The most accessible current treatment is Bryan Caplan’s new April, 2007 book. For podcast fans, a very informative discussion between Caplan and Russ Roberts can be found at EconTalk as a 1 hr 21 minute podcast. And today I found that Bryan has the cover story at Reason, where he offers an overview of four key biases:

• the anti-market bias,
• the anti-foreign bias,
• the make-work bias, and
• the pessimistic bias.

Bryan includes many good examples to illustrate the prevalence of these biases. And some good anecdotes:

…International trade is, as the economic writer Steven Landsburg explains in his 1993 book The Armchair Economist, a technology: “There are two technologies for producing automobiles in America. One is to manufacture them in Detroit, and the other is to grow them in Iowa. Everybody knows about the first technology; let me tell you about the second. First you plant seeds, which are the raw materials from which automobiles are constructed. You wait a few months until wheat appears. Then you harvest the wheat, load it onto ships, and sail the ships westward into the Pacific Ocean. After a few months, the ships reappear with Toyotas on them.

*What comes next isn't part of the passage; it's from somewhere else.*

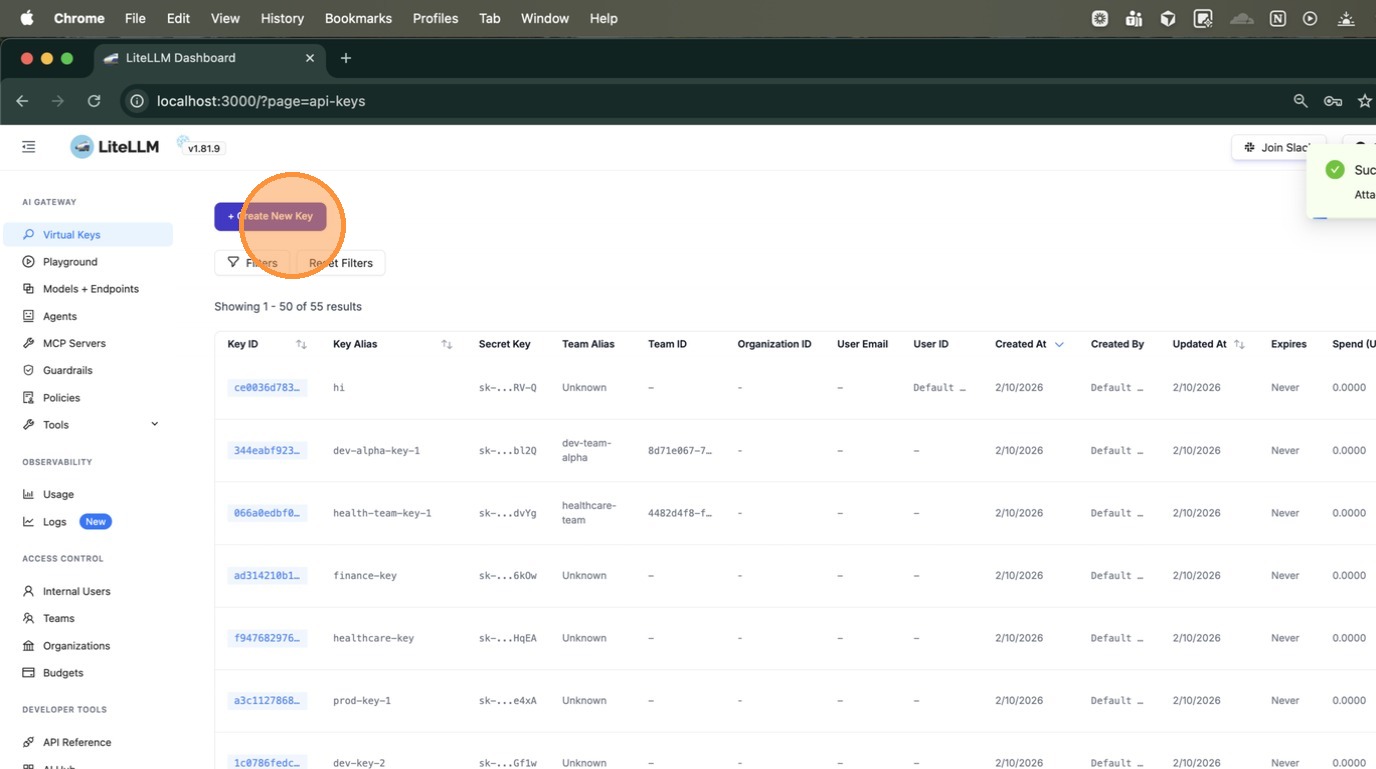 Virtual Keys page showing existing keys — click + Create New Key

…Anti-foreign bias is easier to spot nowadays. To take one prominent example, immigration is far more of an issue now than it was in Smith’s time. Economists are predictably quick to see the benefits of immigration. Trade in labor is roughly the same as trade in goods. Specialization and exchange raise output—for instance, by letting skilled American moms return to work by hiring Mexican nannies.

In terms of the balance of payments, immigration is a nonissue. If an immigrant moves from Mexico City to New York and spends all his earnings in his new homeland, the balance of trade does not change. Yet the public still looks on immigration as a bald misfortune: jobs lost, wages reduced, public services consumed. Many in the general public see immigration as a distinct danger, independent of, and more frightening than, an unfavorable balance of trade. People feel all the more vulnerable when they reflect that these foreigners are not just selling us their products. They live among us.

Lastly, I found an Executive Summary [PDF]. What can we do to improve voter rationality? Well, bloggers can offer regular examples of irrational voter choice — explaining of course the economics of the issue.

Seriously, universal economics education is the only answer. Beginning with a redesign of the “Civics” or “Social Studies” courses upon a firm foundation of economics — including lots of illustrations of the four biases. If the free market were unshackled in education, would the consumer of education demand such reforms? I’m confident that would happen over time — but I really don’t know what today’s consumers would choose.